▸ Data for the task:
==============================

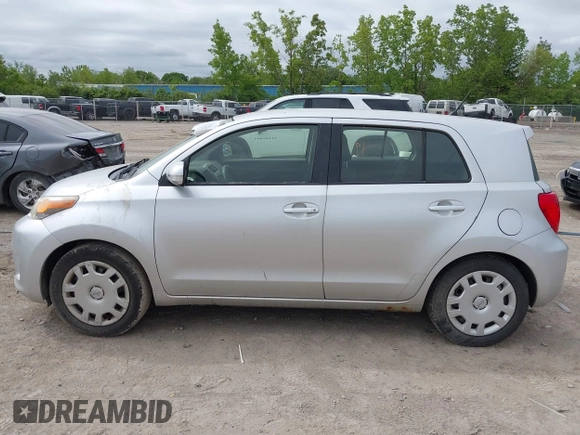 2013 Scion xD z VIN JTKKUPB4XD1038754, wystawiony jako IAAI lot #42231402 z przebiegiem 157 648 mil mil oraz . Historia ofert i sprzedaży dostępna na DreamBid. Obrazek 15.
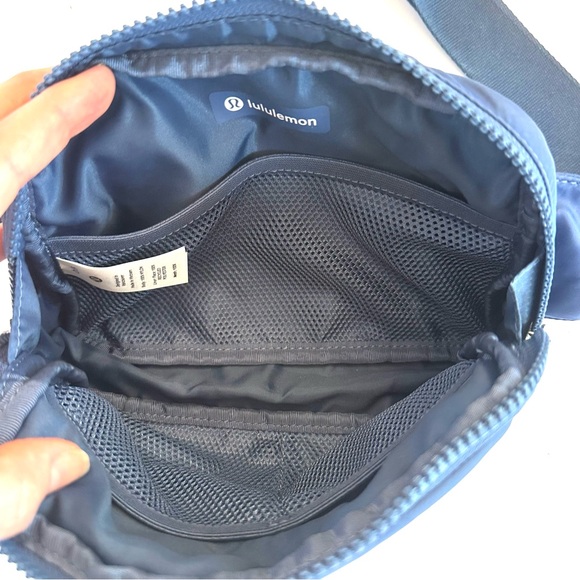 Lululemon Everywhere 2L Large belt bag in Pitch Blue - Picture 7 of 11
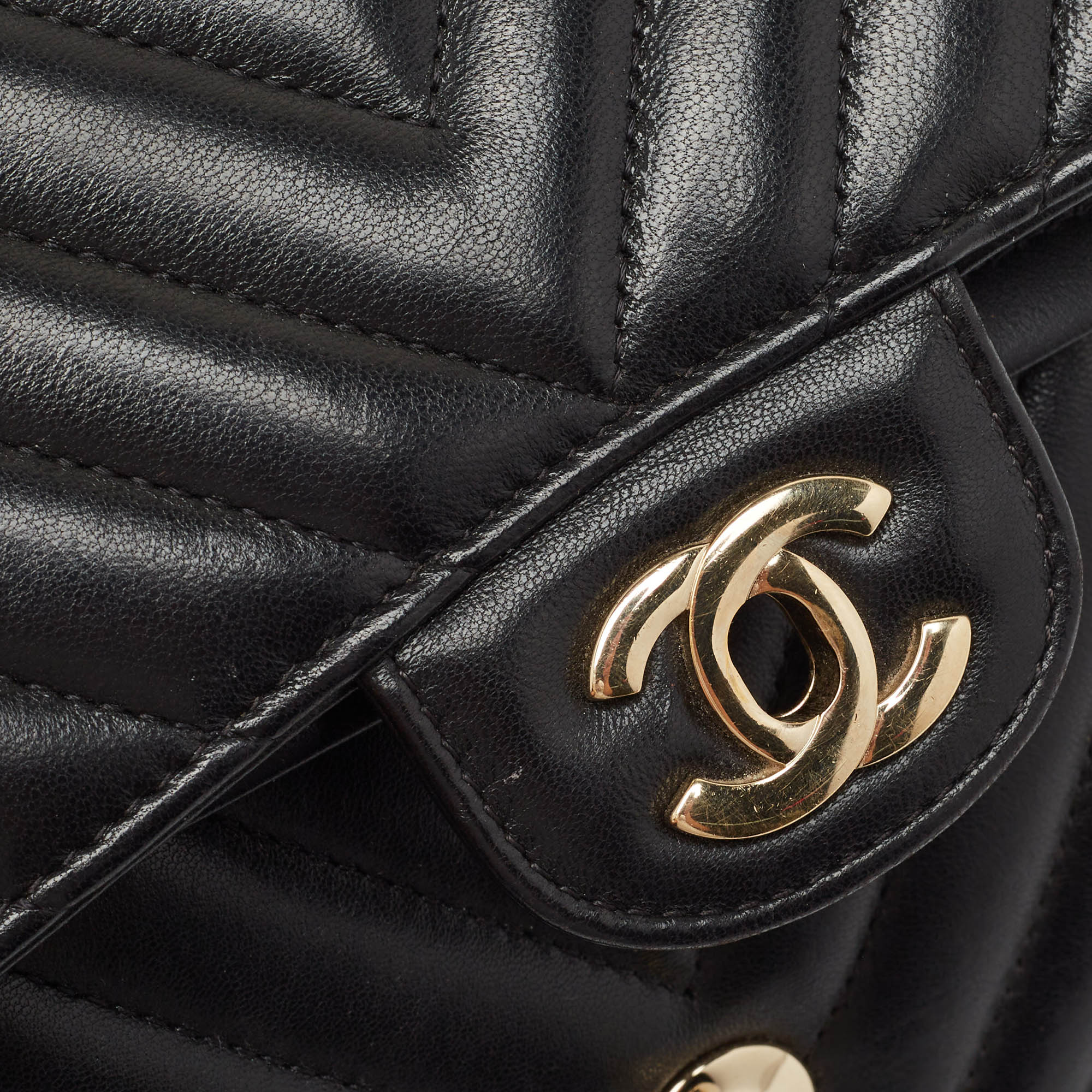 Chanel Black Chevron Lambskin Leather Medium Classic Double Flap Bag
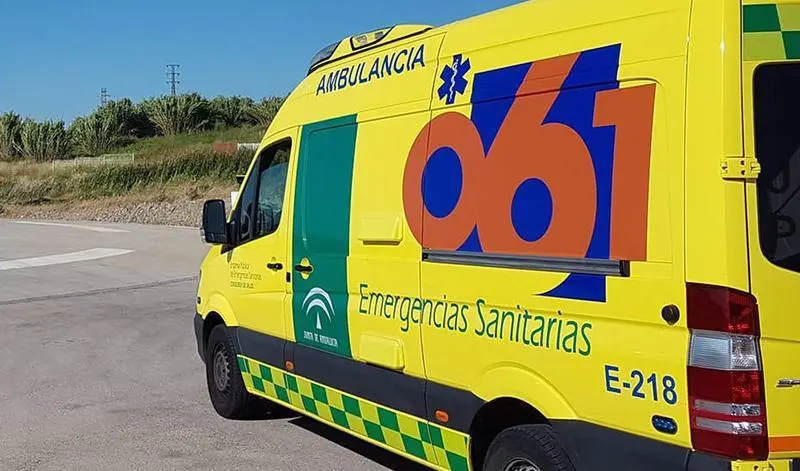  Ambulancia del Centro de Emergencias Sanitarias 061.de EPES 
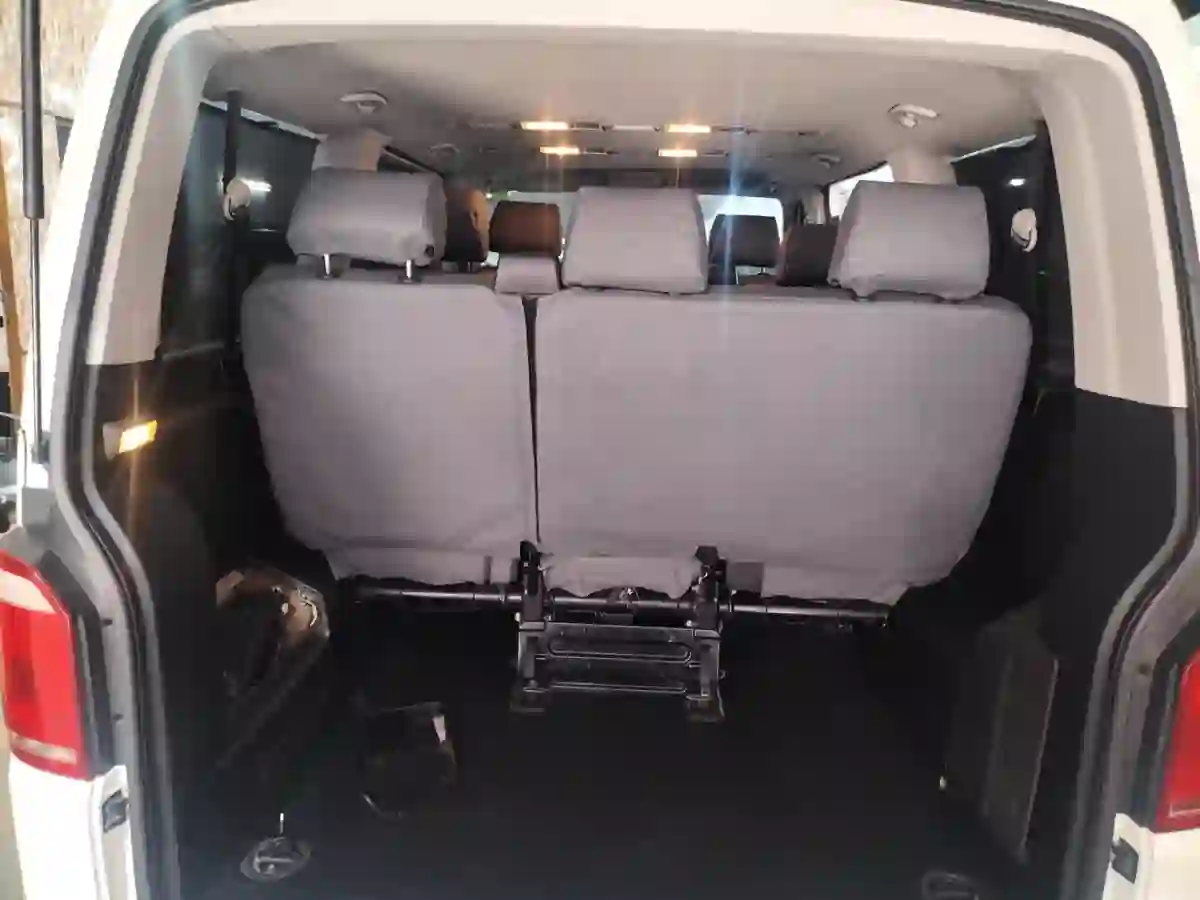 2016 Volkswagen 2016 Volkswagen Transporter 2.0 TDI DSG photo 8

==============================

▸ What you will do:
Output all the material verbatim, skipping every image.

▸ Exercise output:
 2013 Scion xD z VIN JTKKUPB4XD1038754, wystawiony jako IAAI lot #42231402 z przebiegiem 157 648 mil mil oraz . Historia ofert i sprzedaży dostępna na DreamBid. Obrazek 15.
 Lululemon Everywhere 2L Large belt bag in Pitch Blue - Picture 7 of 11
 Chanel Black Chevron Lambskin Leather Medium Classic Double Flap Bag
  Ambulancia del Centro de Emergencias Sanitarias 061.de EPES 
 2016 Volkswagen 2016 Volkswagen Transporter 2.0 TDI DSG photo 8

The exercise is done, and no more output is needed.